I remember reading the story of a conversation between the late, and beloved, Billy Graham, and Karl Barth. Each of the two had their own perspective regarding what makes the gospel effective in lives. Billy constantly came back to the need and requirement for man to act, to make his or her "decision for Christ," whereas Barth delighted to elevate the truth that GOD HAS ACTED in Christ. In Barth's commentary on Paul's epistle to the Church in Rome, is a sentence so rich in insight. Barth, in recognizing the fact that there is a sense of a demand-factor in the nature of the gospel, wrote that the gospel demands obedience, AND SUPPLIES WHAT IT DEMANDS. Ahh, yes! The gospel does not need man's action to be effective. It is intrinsically effective, for, "Of HIS OWN WILL begat he us with the word of truth..." (James 1:18 KJV; Emphasis mine). The decisively relevant decision has been made, OF HIS OWN WILL.

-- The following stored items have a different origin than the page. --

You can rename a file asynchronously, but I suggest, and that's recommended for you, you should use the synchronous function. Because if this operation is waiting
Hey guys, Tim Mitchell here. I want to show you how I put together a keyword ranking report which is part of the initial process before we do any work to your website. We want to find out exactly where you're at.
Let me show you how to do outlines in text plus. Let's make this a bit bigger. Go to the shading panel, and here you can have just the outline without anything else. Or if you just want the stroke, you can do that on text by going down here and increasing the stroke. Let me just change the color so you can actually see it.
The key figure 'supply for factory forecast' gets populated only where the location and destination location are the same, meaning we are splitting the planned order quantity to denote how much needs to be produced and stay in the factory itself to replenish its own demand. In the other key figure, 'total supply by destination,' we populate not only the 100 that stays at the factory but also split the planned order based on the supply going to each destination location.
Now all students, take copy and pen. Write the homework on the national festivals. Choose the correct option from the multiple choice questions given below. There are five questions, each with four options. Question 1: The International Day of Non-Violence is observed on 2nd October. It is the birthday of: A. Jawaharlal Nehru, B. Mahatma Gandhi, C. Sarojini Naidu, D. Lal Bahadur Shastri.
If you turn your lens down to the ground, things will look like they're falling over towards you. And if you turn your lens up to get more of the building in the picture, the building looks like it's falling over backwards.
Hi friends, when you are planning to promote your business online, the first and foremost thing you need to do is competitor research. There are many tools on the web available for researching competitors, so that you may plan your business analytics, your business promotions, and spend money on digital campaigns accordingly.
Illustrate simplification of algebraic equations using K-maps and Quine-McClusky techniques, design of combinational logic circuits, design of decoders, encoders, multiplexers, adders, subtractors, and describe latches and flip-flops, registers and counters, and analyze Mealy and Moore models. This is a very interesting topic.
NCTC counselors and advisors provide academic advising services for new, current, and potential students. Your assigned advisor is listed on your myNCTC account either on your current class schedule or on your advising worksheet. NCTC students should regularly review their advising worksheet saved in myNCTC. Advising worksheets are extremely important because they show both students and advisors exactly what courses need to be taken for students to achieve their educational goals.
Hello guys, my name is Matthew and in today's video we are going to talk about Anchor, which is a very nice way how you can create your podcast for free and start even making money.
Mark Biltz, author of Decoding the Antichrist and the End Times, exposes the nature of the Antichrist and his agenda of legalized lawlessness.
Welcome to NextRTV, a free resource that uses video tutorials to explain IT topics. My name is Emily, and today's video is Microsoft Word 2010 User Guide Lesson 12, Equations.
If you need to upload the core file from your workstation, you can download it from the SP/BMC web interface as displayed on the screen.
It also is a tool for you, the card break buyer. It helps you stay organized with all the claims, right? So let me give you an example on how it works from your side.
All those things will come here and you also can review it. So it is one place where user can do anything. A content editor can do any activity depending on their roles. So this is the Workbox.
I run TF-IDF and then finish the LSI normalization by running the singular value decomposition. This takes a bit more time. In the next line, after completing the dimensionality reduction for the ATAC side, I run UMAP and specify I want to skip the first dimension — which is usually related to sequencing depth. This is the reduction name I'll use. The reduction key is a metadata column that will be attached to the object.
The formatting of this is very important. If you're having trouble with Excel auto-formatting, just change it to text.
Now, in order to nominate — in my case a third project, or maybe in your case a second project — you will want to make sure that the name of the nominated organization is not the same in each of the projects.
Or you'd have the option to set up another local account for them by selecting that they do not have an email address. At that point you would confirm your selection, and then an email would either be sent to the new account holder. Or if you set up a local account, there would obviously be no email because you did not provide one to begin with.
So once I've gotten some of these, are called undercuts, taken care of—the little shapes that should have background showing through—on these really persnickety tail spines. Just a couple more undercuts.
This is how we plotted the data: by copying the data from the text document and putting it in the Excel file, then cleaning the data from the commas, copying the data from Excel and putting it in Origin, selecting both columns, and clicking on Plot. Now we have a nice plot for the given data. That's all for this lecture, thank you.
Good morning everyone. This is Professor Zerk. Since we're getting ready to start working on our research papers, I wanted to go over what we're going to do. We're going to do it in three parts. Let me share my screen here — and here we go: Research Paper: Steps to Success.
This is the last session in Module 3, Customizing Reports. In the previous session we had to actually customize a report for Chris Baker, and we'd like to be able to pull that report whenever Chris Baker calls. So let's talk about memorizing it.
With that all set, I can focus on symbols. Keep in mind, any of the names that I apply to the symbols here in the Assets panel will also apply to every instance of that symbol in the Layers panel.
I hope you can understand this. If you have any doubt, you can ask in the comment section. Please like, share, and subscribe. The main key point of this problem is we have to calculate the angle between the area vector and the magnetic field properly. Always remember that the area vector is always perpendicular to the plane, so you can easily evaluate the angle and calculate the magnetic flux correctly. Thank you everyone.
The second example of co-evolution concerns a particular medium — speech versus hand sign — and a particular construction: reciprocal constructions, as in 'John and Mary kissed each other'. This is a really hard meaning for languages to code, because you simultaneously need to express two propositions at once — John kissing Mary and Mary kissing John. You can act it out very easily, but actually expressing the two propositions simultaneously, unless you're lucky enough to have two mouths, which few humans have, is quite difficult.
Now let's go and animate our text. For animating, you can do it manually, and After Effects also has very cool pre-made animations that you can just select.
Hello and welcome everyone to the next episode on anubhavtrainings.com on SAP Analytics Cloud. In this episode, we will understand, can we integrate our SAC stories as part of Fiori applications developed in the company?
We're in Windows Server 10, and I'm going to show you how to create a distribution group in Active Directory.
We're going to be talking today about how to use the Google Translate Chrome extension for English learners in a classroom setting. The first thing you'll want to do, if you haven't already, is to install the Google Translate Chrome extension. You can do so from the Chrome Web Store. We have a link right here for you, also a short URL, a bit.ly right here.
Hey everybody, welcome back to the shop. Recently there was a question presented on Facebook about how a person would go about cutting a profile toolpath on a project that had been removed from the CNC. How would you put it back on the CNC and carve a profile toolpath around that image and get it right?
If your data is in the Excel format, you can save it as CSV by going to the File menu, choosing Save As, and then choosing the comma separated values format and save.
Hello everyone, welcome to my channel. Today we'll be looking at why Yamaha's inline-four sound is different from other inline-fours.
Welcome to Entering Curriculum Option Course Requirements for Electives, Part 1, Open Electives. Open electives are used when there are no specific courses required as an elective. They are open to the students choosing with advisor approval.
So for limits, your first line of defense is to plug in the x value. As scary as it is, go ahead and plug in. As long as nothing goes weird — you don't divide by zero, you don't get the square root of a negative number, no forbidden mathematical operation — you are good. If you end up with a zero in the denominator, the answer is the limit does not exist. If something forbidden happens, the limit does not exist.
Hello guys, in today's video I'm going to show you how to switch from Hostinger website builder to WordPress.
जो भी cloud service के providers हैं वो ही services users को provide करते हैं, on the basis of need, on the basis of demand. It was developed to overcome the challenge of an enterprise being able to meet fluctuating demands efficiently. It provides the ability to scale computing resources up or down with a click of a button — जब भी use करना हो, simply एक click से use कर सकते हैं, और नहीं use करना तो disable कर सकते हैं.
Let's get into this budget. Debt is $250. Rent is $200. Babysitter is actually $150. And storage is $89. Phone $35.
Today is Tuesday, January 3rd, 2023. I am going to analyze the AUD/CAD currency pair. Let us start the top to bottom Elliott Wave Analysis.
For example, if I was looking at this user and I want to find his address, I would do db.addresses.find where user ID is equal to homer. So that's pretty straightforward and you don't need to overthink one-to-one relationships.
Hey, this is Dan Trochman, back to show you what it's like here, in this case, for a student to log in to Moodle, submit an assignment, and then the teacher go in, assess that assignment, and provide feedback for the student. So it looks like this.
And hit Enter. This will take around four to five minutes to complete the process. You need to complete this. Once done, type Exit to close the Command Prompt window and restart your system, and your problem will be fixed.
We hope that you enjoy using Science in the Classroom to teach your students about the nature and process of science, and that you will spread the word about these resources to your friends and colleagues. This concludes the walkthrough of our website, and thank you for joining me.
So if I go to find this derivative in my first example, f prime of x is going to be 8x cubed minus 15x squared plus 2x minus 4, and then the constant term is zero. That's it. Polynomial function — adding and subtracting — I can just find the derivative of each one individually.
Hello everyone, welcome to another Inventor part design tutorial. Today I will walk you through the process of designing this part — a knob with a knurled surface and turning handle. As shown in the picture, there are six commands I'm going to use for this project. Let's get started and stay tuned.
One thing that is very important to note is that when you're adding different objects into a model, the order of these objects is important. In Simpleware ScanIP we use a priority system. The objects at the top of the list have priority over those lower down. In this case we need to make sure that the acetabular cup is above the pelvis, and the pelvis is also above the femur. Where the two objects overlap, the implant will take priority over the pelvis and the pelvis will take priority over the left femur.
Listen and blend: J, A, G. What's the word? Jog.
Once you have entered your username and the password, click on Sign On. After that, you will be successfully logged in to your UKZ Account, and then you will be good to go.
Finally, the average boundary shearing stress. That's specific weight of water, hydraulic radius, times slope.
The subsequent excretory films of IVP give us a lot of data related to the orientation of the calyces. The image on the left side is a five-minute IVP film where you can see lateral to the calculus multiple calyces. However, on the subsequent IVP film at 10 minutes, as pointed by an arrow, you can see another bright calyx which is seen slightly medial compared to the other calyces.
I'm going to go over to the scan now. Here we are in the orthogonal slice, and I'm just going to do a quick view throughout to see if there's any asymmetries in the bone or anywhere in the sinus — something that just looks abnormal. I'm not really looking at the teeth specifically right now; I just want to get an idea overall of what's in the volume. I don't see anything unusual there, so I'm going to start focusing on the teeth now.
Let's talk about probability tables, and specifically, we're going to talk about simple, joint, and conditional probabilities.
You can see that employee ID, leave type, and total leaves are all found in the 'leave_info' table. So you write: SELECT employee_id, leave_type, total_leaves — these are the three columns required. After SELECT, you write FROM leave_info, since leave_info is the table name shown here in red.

The well-known hymn, "Draw Me Nearer," has the line, "let my soul look up with a steadfast faith and my will be lost in Thine." Yes, that is where our will is finally to be found, lost in respect to its independence, to be found within the finally determining will of God. It has been determined, that " Neither is there salvation in any other: for there is none other name under heaven given among men, whereby we MUST be saved."(Acts 4:12 KJV; Emphasis, mine). Please note, salvation is not optional. God has not said, "...whereby there is the possibility of salvation if approved and sealed by the will of man." It does not allow for our rejection. Our attempts at rejection are rejected by God. It is the imperative of the divine will. We MUST be saved. That name, under heaven, given among men for our salvation, has not been given to bend its knee and bow before man's stubborn insistence on remaining lost. Man's willful obstinacy will bow finally to the intrinsic effectiveness of the proclamation of the gospel.
Check out by careful and prayerful reading, how throughout the Book of Acts, we find the apostolic message to be heavy on proclamation and light on exhortation. GOD HAS ACTED salvifically in Christ, without dependence upon any contribution of human agreement. God's action is not dependent upon the agreement of man's will, but rather DELIVERS the human will from its deeply contrarian obstinacy.